Coming down the mountain of a recent Evenson binge, I'm impressed by the range of effects he achieves with the kind of subtraction he talks about in this article. His stories about two nameless girls (and often their nameless parents, though one at least is usually out of the picture)--"The Ex-Father," "Girls in Tents," and "Younger" are the ones that come to mind--are remarkably tender, while also being chilling and wholly unsentimental. At the other end of the spectrum, his novel _Last Days_ pares down both the characters and the plot of the hardboiled detective story to achieve something like Beckett doing Mickey Spillane (or I suppose Dashiell Hammett, though the particular bloodiness and the protagonist's occasional stab at self-justification seems more like Spillane to me): everyone gets mutilated, everyone gets shot--there is no outside to escape to.
posted by Idler King at 4:50 AM on May 17, 2011 [1 favorite]

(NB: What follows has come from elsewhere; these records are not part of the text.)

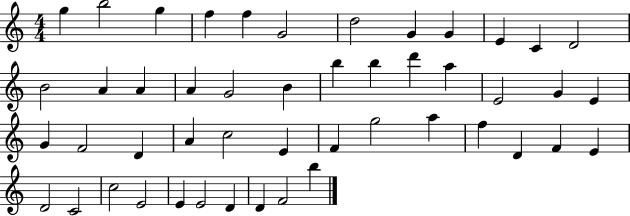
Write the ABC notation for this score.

X:1
T:Untitled
M:4/4
L:1/4
K:C
g b2 g f f G2 d2 G G E C D2 B2 A A A G2 B b b d' a E2 G E G F2 D A c2 E F g2 a f D F E D2 C2 c2 E2 E E2 D D F2 b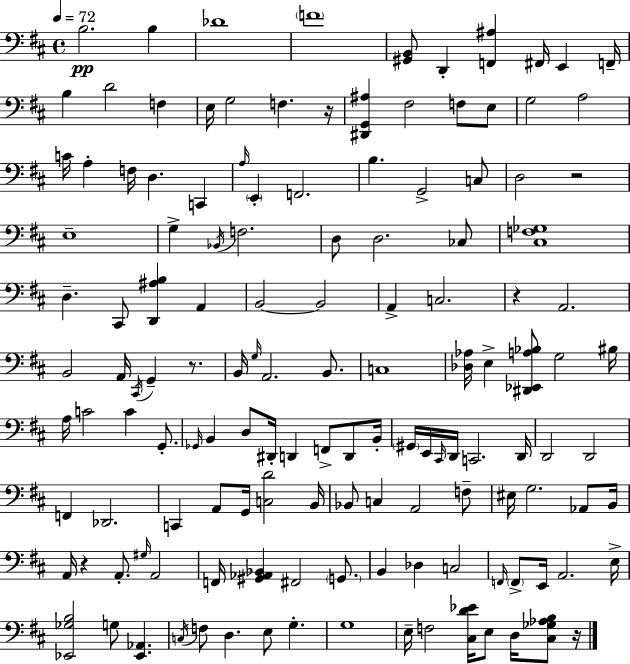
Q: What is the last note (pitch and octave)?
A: D3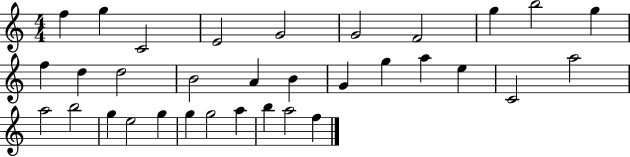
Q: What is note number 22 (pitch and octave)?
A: A5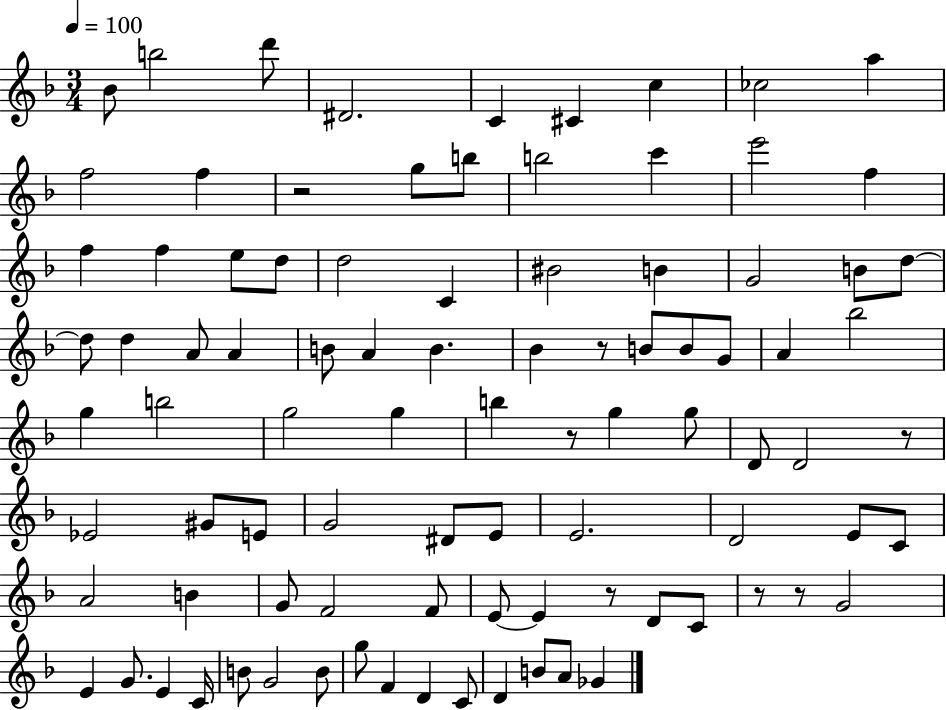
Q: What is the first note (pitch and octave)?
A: Bb4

Idler, you nailed the Borges thing. Whenever I stumble on any encyclopedia stories or found document tales, I can't help but think of "Tlon, Uqbar, Obis Tertius," which is a real mindfuck--I'm almost surprised Borges wasn't mentioned in the article (or Nabokov for that matter) because they'd seem to fit right in in this conversation. But indeed, I re-read "Moran's Mexico" and you're right, it's way more spare than I remember. It's neat to think about how that story is innovative in the same way that he describes Joyce as being innovative--it just happens to have these bursts of ornamentation which sort of mask the underlying subtractive qualities of the story. All this makes clear that maximalism and its opposite need not be binaries nor that a piece of literature needs to be judged on some sort of linear Moh's Scale of Maximality. As exemplified by Joyce, fiction can inherit both qualities.
posted by jng at 7:46 AM on May 17, 2011


Oh, I too do love me some Brian Evenson. Here's some of his work online (though you should just go ahead and get The Wavering Knife, like, right now. And then Fugue State [which has a hilarious send-up of the book publishing industry, which hits me near and dear] and Altmann's Tongue, for sure, immediately after):

The Ex-Father (as mentioned by Idler, a holy shit I can't believe how messed up this is going and when you finish you just want to either a) crawl under your bed and shake or b) go home and hug your child tight)
White Square (philosophy, religion, symbols...)
The Intricacies of Post-Shooting Etiquette (does what it says on the tin; I laughed out loud in parts, which might make me a bad person...)
the aforementioned Windeye (and a video of Evenson reading it along with a few other stories)
Stung and Stockwell (unnerving!)

Two interviews with him: Gigantic and The Faster Times

And for Evenson news, you can usually count on Blake Butler's HTMLGIANT.